> **GOAL OF THE EXERCISE**
Transcribe the following entries letter for letter, without the pictures.

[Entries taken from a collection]
#####

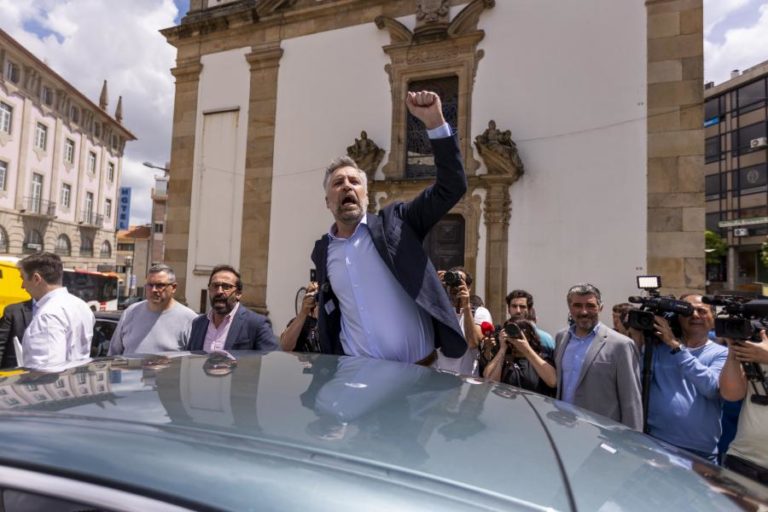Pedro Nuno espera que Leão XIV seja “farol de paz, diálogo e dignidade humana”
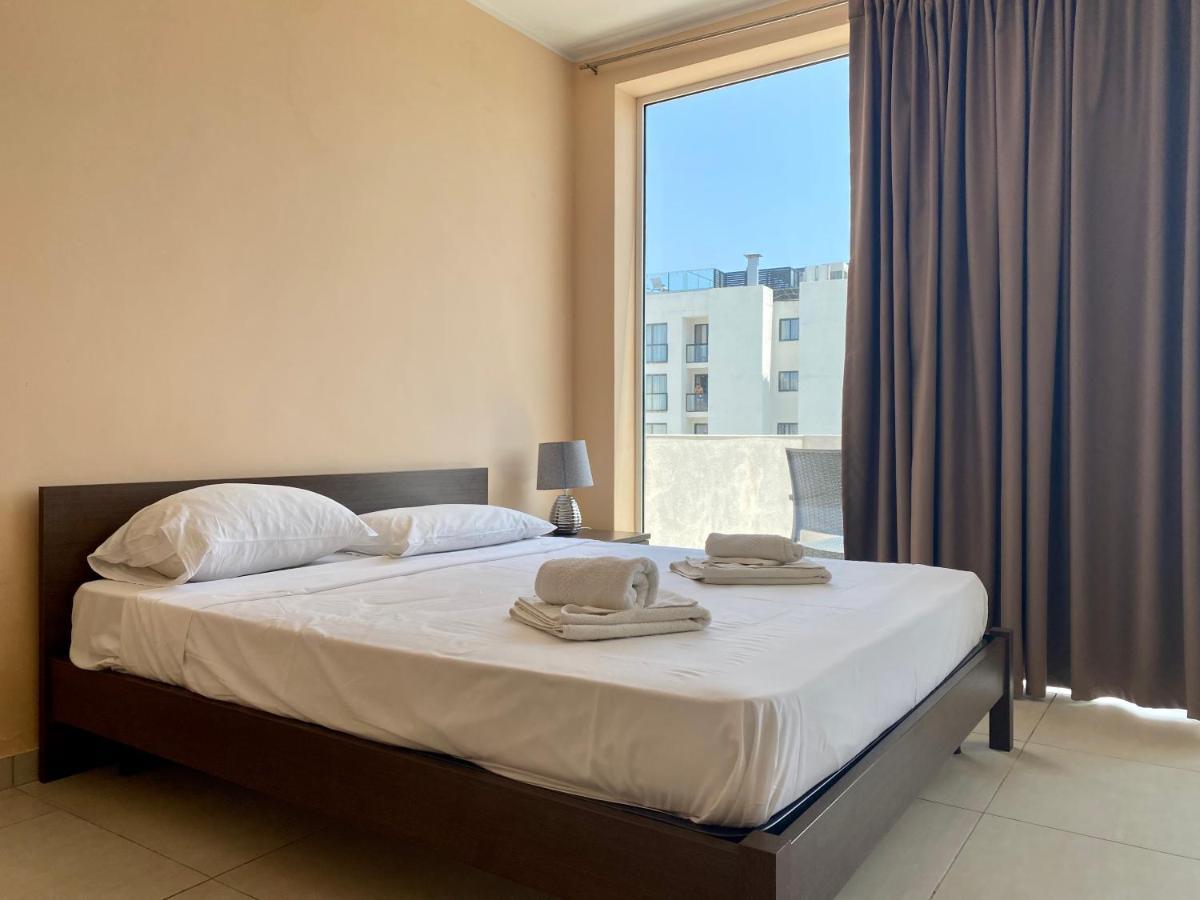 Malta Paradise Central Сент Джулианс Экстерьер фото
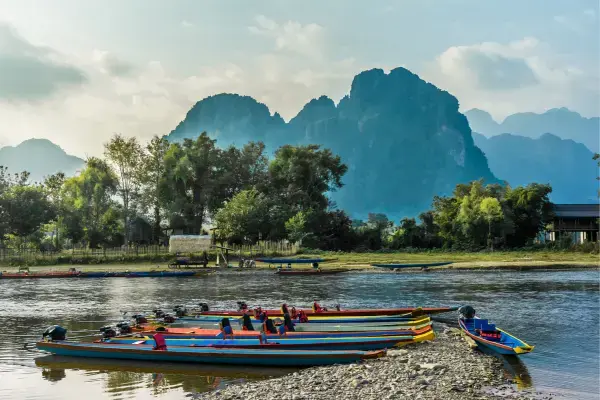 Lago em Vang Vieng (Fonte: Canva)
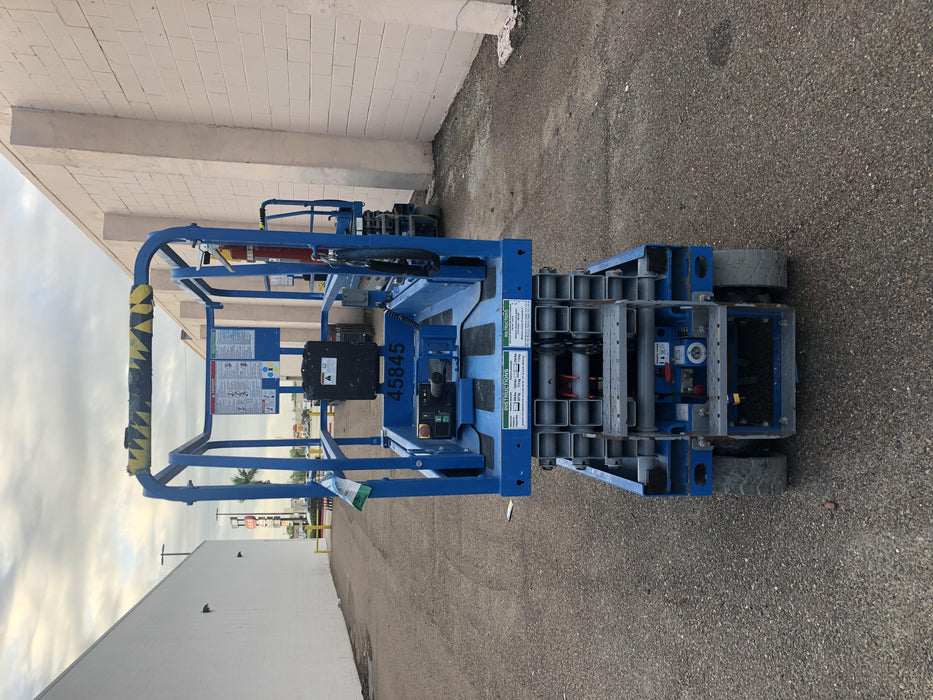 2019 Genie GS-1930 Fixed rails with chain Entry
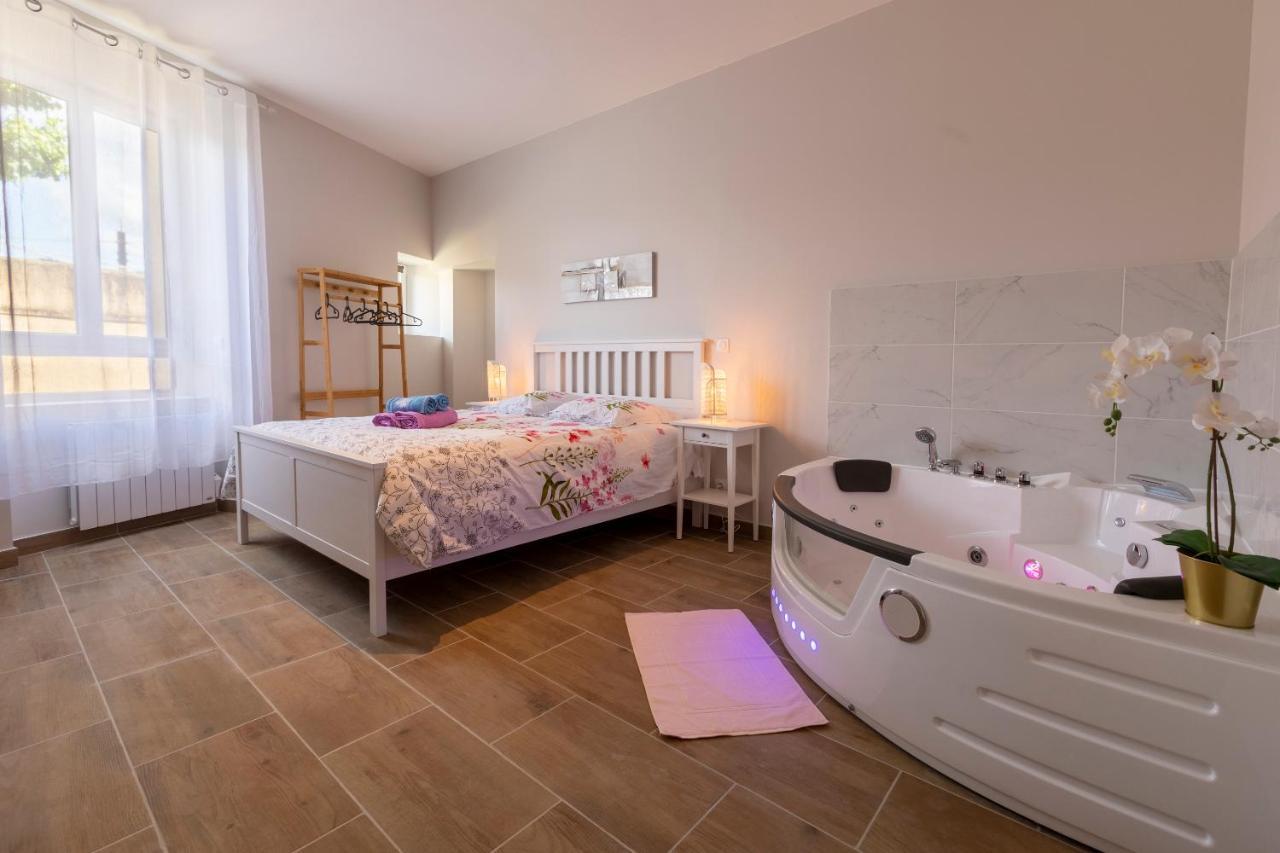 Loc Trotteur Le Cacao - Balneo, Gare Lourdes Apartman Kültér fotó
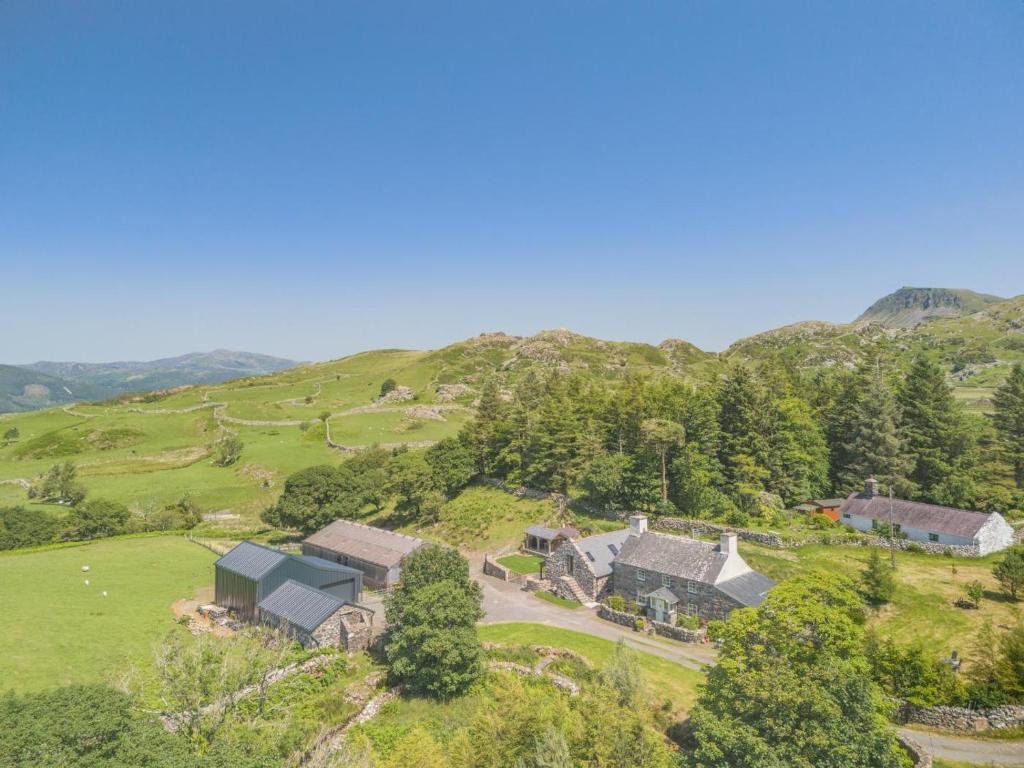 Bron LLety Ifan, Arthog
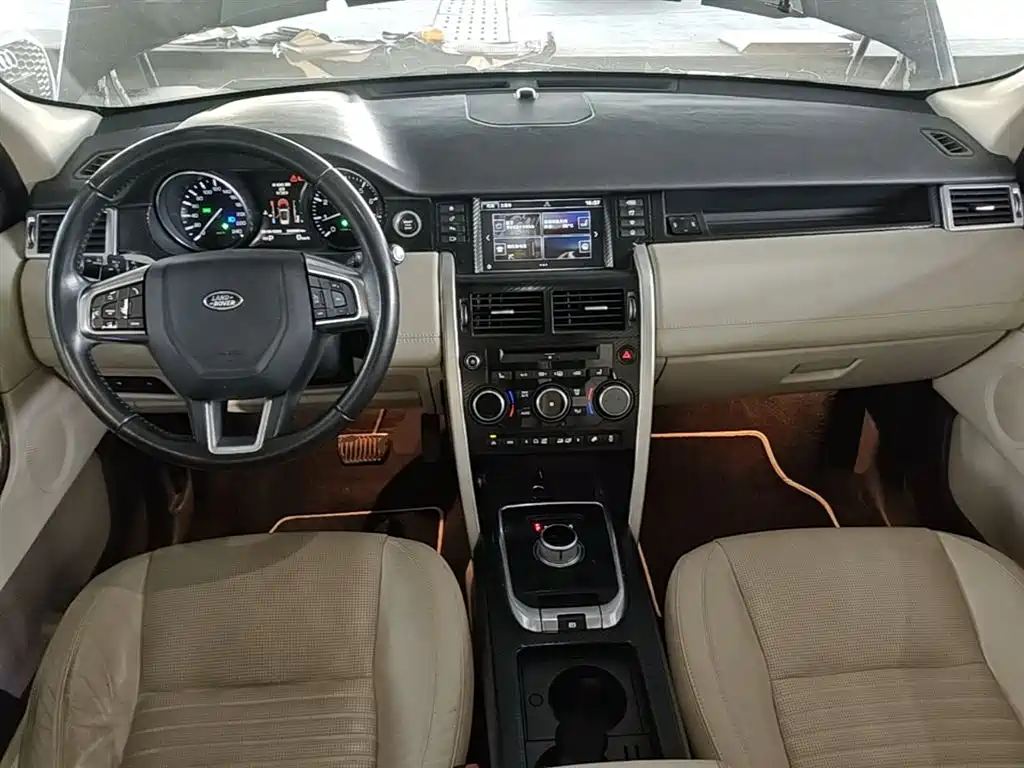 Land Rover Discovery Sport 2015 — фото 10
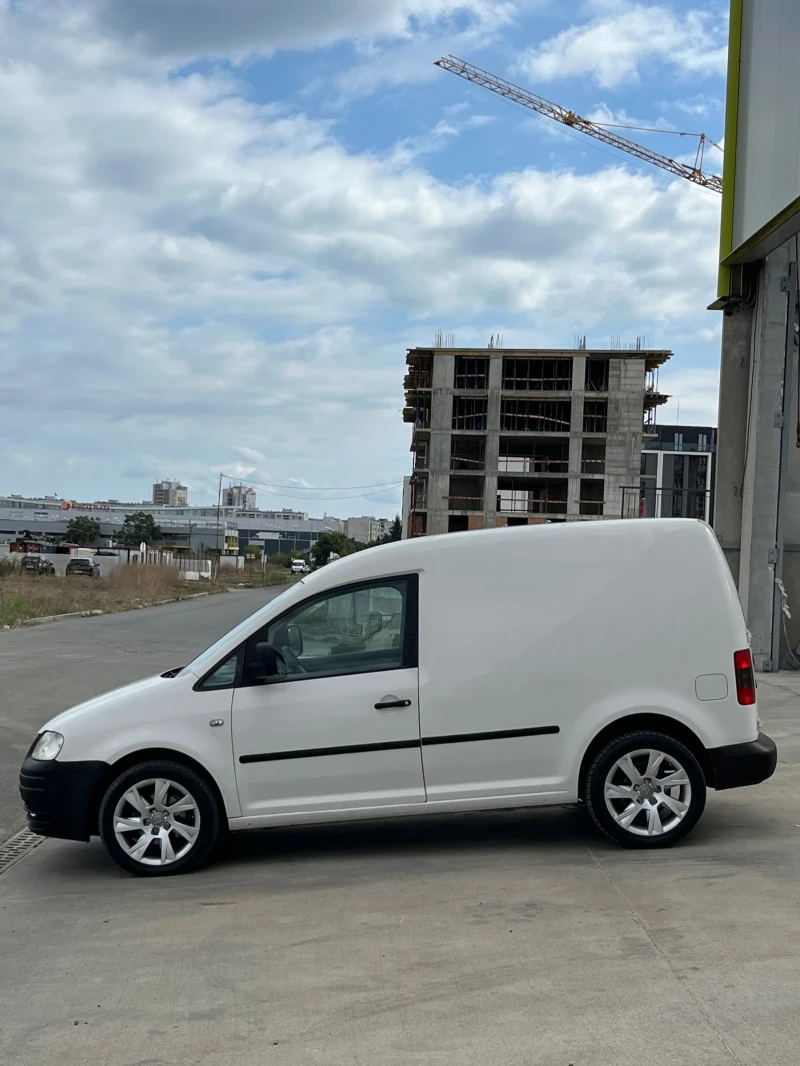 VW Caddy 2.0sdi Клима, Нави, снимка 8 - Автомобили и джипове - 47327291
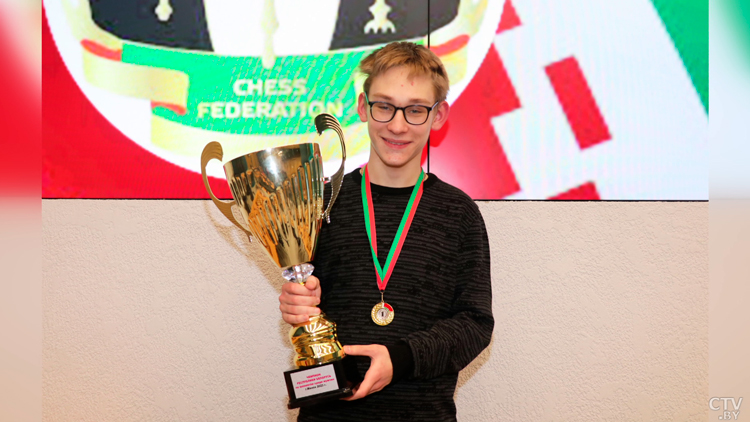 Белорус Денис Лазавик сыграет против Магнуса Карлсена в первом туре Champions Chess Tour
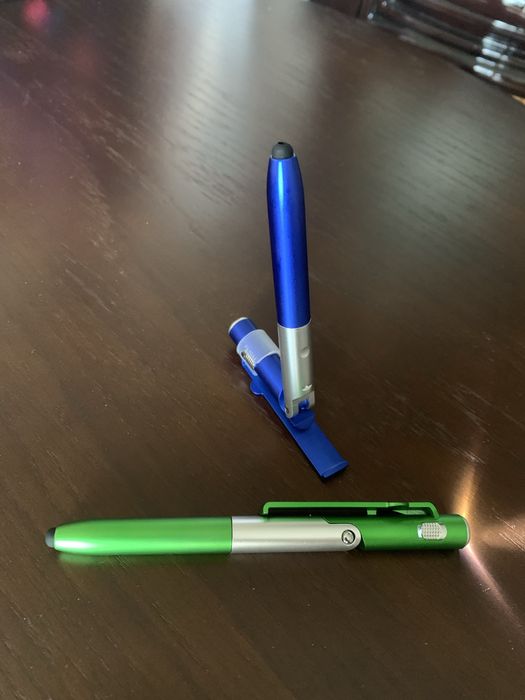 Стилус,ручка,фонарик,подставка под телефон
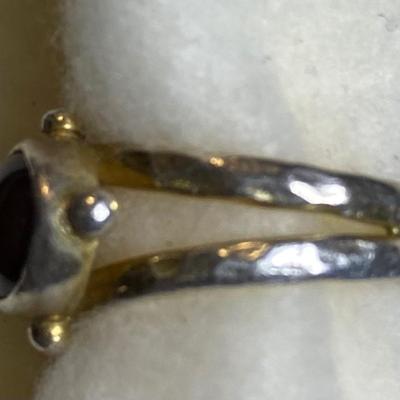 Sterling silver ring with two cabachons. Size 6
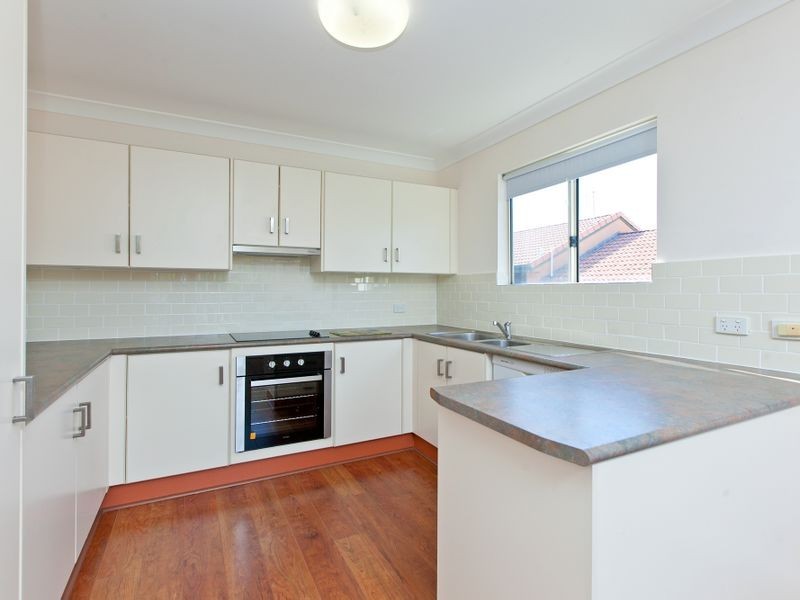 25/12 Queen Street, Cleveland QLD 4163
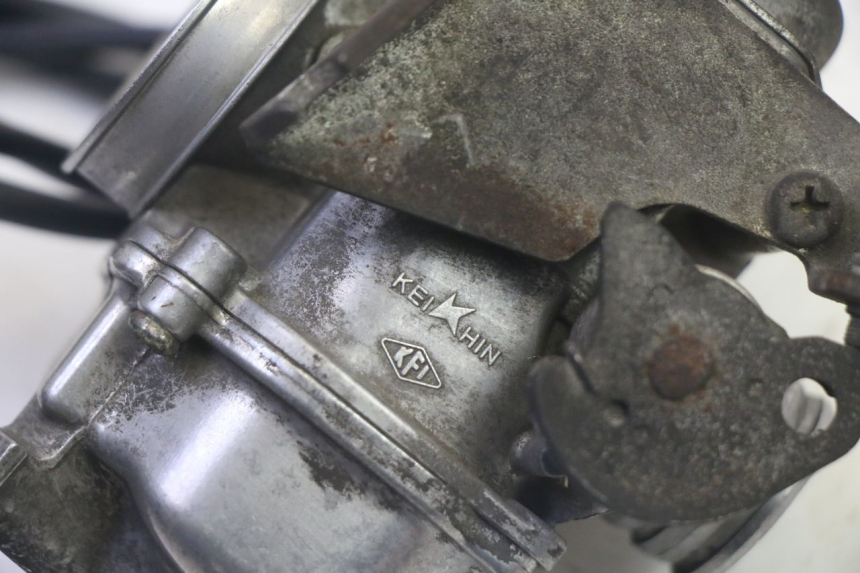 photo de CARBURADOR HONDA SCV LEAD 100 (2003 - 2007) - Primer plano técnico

#####

> **FINISHED EXERCISE**
Pedro Nuno espera que Leão XIV seja “farol de paz, diálogo e dignidade humana”
 Malta Paradise Central Сент Джулианс Экстерьер фото
 Lago em Vang Vieng (Fonte: Canva)
 2019 Genie GS-1930 Fixed rails with chain Entry
 Loc Trotteur Le Cacao - Balneo, Gare Lourdes Apartman Kültér fotó
 Bron LLety Ifan, Arthog
 Land Rover Discovery Sport 2015 — фото 10
 VW Caddy 2.0sdi Клима, Нави, снимка 8 - Автомобили и джипове - 47327291
 Белорус Денис Лазавик сыграет против Магнуса Карлсена в первом туре Champions Chess Tour
 Стилус,ручка,фонарик,подставка под телефон
 Sterling silver ring with two cabachons. Size 6
 25/12 Queen Street, Cleveland QLD 4163
 photo de CARBURADOR HONDA SCV LEAD 100 (2003 - 2007) - Primer plano técnico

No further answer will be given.